INFORMATION PROVIDED below:
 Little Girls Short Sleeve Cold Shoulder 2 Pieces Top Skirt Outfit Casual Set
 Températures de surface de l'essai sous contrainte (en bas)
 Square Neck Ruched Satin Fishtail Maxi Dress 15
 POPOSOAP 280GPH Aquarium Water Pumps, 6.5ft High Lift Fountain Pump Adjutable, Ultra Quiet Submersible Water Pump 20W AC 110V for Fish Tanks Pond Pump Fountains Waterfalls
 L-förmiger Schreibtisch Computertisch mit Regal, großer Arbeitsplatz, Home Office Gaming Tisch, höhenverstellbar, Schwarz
End of INFORMATION PROVIDED.
Print the records above exactly as they appear.

 Little Girls Short Sleeve Cold Shoulder 2 Pieces Top Skirt Outfit Casual Set
 Températures de surface de l'essai sous contrainte (en bas)
 Square Neck Ruched Satin Fishtail Maxi Dress 15
 POPOSOAP 280GPH Aquarium Water Pumps, 6.5ft High Lift Fountain Pump Adjutable, Ultra Quiet Submersible Water Pump 20W AC 110V for Fish Tanks Pond Pump Fountains Waterfalls
 L-förmiger Schreibtisch Computertisch mit Regal, großer Arbeitsplatz, Home Office Gaming Tisch, höhenverstellbar, Schwarz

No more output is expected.